The White Chamber was part of the medieval Palace of Westminster. Originally a dining hall, and then the location for the Court of Requests, it was the meeting place of the House of Lords from 1801 until it was gutted by fire in 1834. Re-roofed, it was the temporary home of the House of Commons until 1851, when it was pulled down for the building of the new Palace of Westminster.

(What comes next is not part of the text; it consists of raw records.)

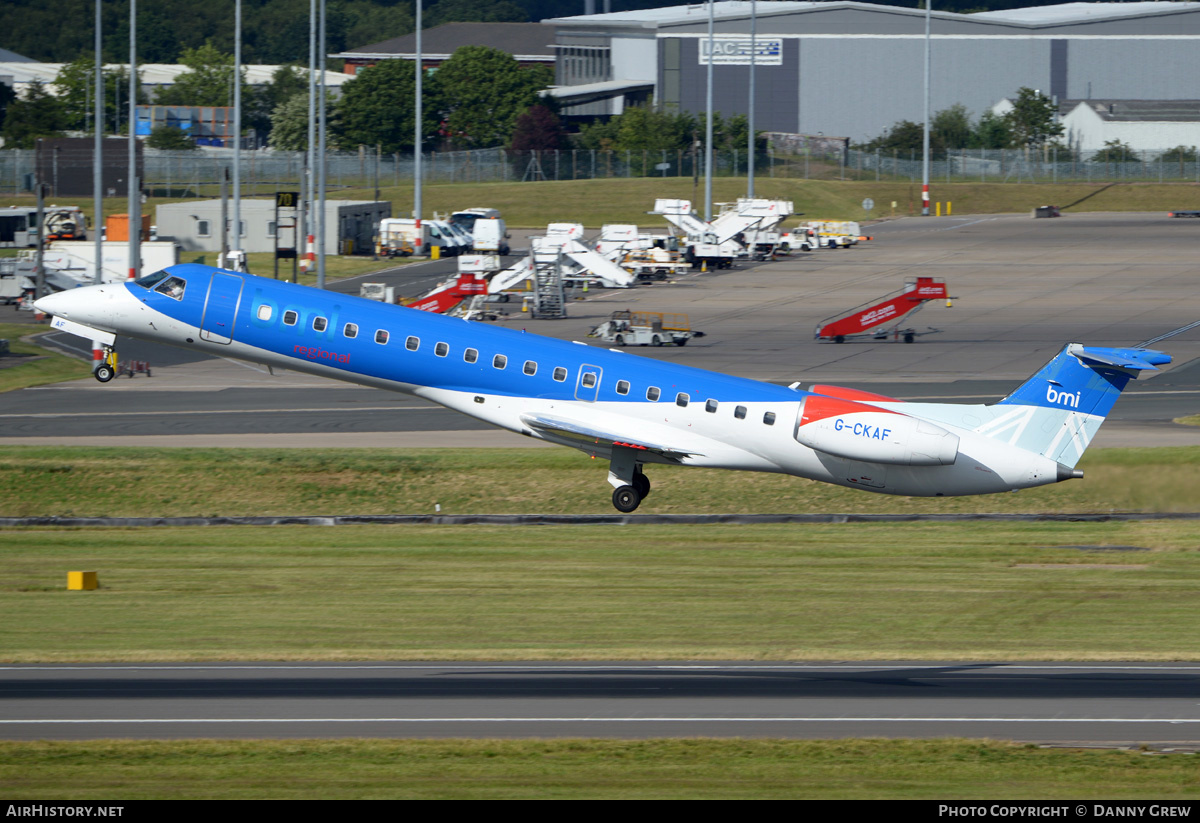 Aircraft Photo of G-CKAF | Embraer ERJ-145EU (EMB-145EU) | BMI Regional | AirHistory.net #346600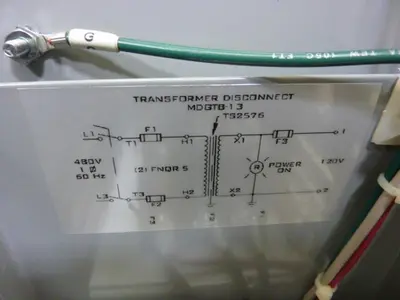 Used DAYKIN MDGBT-13 Transformers Michigan US | Ideal Machinery #1275297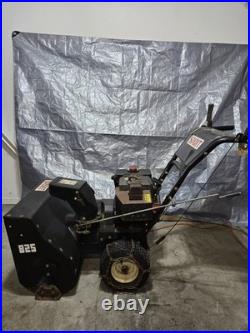 Spirit 825 Two Stage Gasoline Snow Blower 25in Black Metal Model A2580-070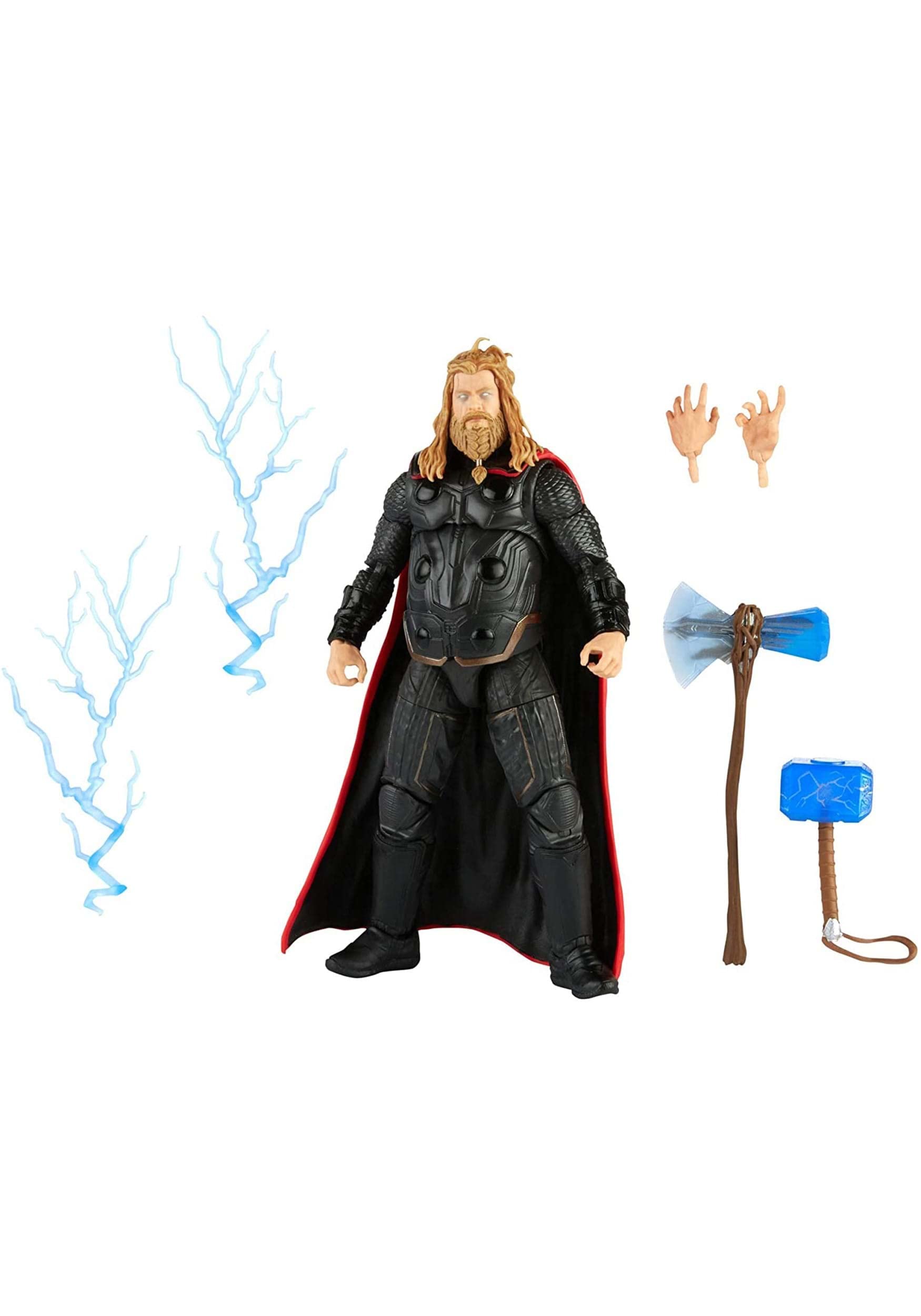 Foto 1 | Figura de Acción Marvel Hasbro Legends Series Thor 15 cm - Venta Internacional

Also known as the Lesser Hall, the White Hall or the Greater White Chamber, it measured 120 × 34 ft. It was situated to the south of the somewhat larger Westminster Hall (the Great Hall), with the same north–south alignment. It was built c. 1167 as a dining hall, and then remodelled by Henry III, adjacent to his new King's Chamber to the east, which was perpendicular to the south end of the White Chamber. The King's Chamber was originally a state bedchamber, and later used for state ceremonies; due to its lavish painted decoration, it became known as the Painted Chamber. To the south of the east end of the King's Chamber was the Queen's Chamber, an even smaller chamber for his queen, Eleanor of Provence. (The Queen's Chamber was also sometimes known as the White Chamber; to avoid confusion with the other White Chamber, the Lesser Hall might be distinguished as the Great White Chamber or the White Hall.)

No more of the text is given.